FreeHeating Blog - 26th March 2019
Have you recently noticed issues with your radiators? Perhaps they are cold in certain areas? Depending on whether a radiator is cold at the bottom or cold at the top, tells you if you have a simple problem that is easy to solve yourself, or rather something more serious which means you will have to call out a Gas Safe-registered engineer. This article will tell you which is which…
If your radiator is cold at the top:
This is the simpler of the two problems, and merely suggests that you have air trapped inside your heating system. Yes you can sort this out yourself by bleeding your radiators. If you don’t know how to do this, don’t worry as it is very easy, you just need a radiator key and a dry cloth.
First you need to turn your heating off, let it cool down, and then turn the key on the radiator’s bleed valve in order to open it. The trapped air will then be able to escape, creating a hissing sound. As soon as you see water starting to appear then you need to close the valve; this will allow hot water to then rise to the top of the radiator.

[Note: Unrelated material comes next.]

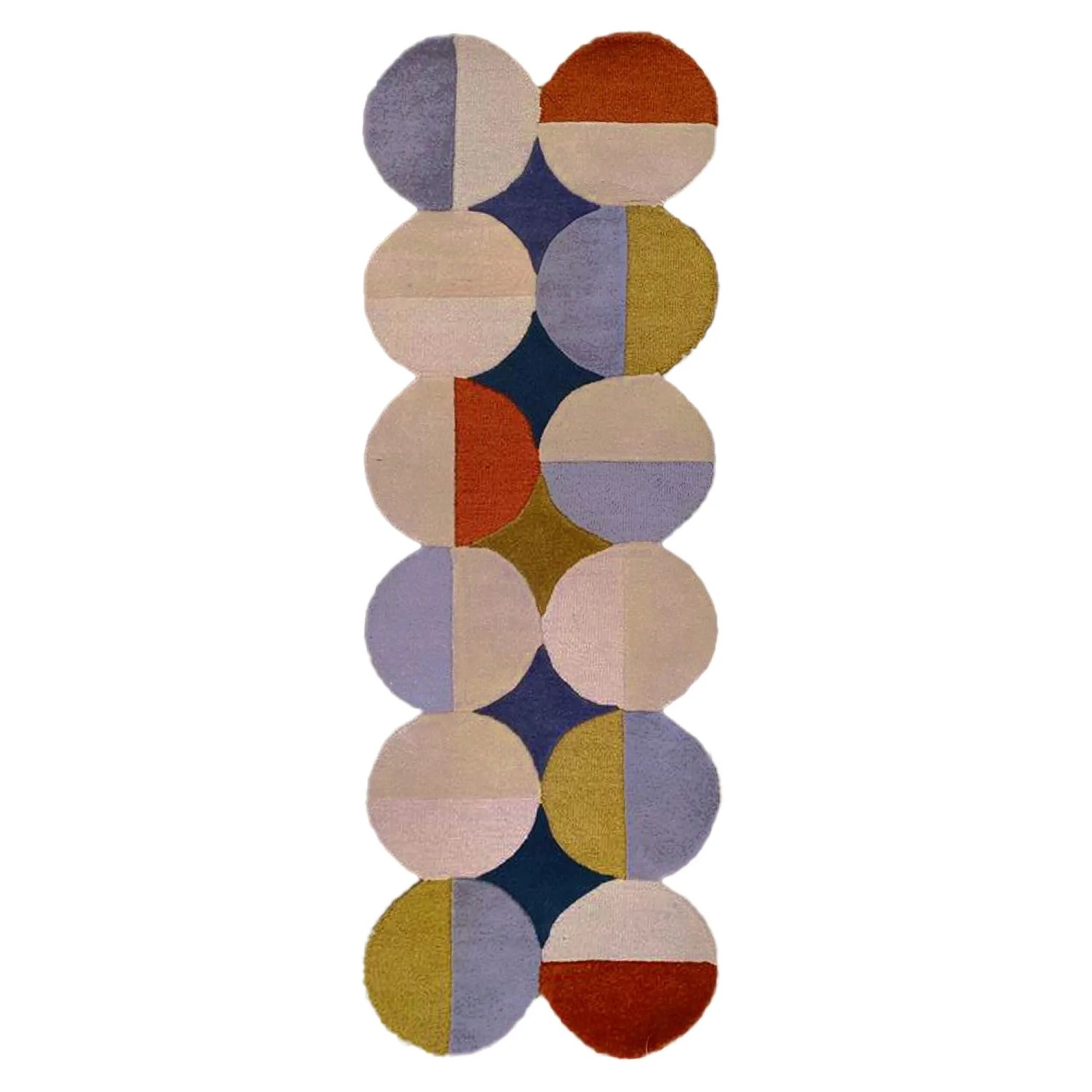 Flair Rugs Wollteppich Mia Ellipse 80 cm x 230 cm Blau-Mix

Although bleeding radiators is a very simple procedure that anyone can do, you may be feeling a bit hesitant so if you would like some help with this it is probably best to call out a qualified heating engineer.

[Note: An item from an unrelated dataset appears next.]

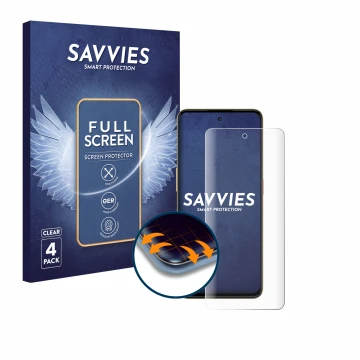 Parte frontal de un envase de producto con el logotipo de la marca Savvies. Al lado se muestra el dispositivo Nubia Neo 3 con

If your radiator is cold at the bottom:
This is a different matter entirely, and is a sign that there is something blocking the flow of water through the heating system; usually sludge. This sludge is a perfectly normal occurrence and is formed naturally over a period of time from the combination of limescale, rust and dirty water. This then settles at the bottom of your radiator, hence why they are cold at the bottom. Issues arise as, although the sludge may only have built up in one of your radiators, it will then be stopping the flow of hot water throughout the entire system, meaning that the radiators that come after it will be affected and will not be able to heat up properly.
Unfortunately, to remove this blockage, requires the assistance of an engineer who will need to perform a “Powerflush”. During this process the engineer will connect a pump to the heating system which then pushes a chemical through the pipework and radiators at a high speed, thus breaking down and removing the sludge. After this process is complete the engineer will then use a descaler to remove limescale, and also a corrosion inhibitor which will prevent rust from forming again in the future.

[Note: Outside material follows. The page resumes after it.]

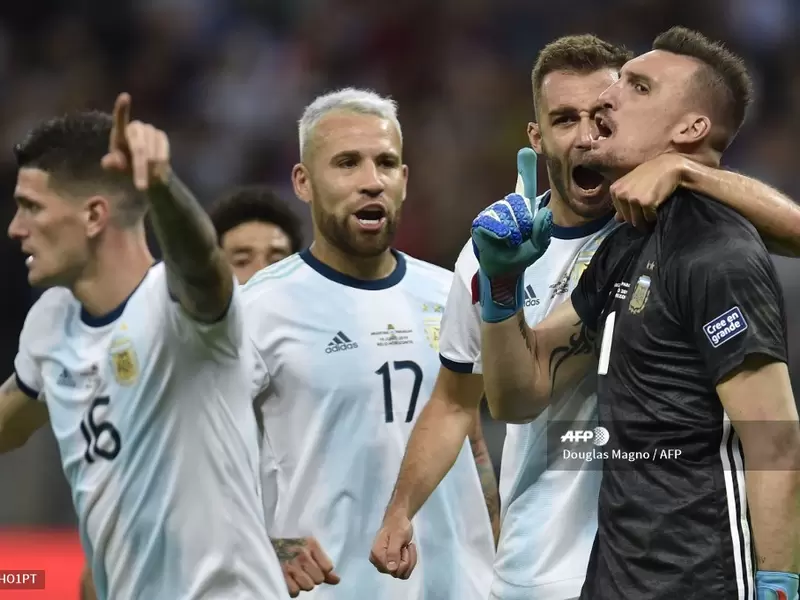 Franco Armani con sus compañeros de la selección de Argentina Franco Armani con sus compañeros de la selección de Argentina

If the blockage is very bad and the Powerflush is not enough, the engineer might also have to dislodge pieces of sludge using tools on the outside of your radiators. Occasionally the sludge has built up to such a degree that the only thing to do is to replace the affected radiator. This happens more frequently in hard water areas as there will be extra limescale which makes the blockage harder to remove.
You want to avoid excessive sludge build-up in your heating system as it is bad news for your boiler, eventually causing it to break down. It is therefore very important that you act quickly if you think that your system could benefit from a Powerflush.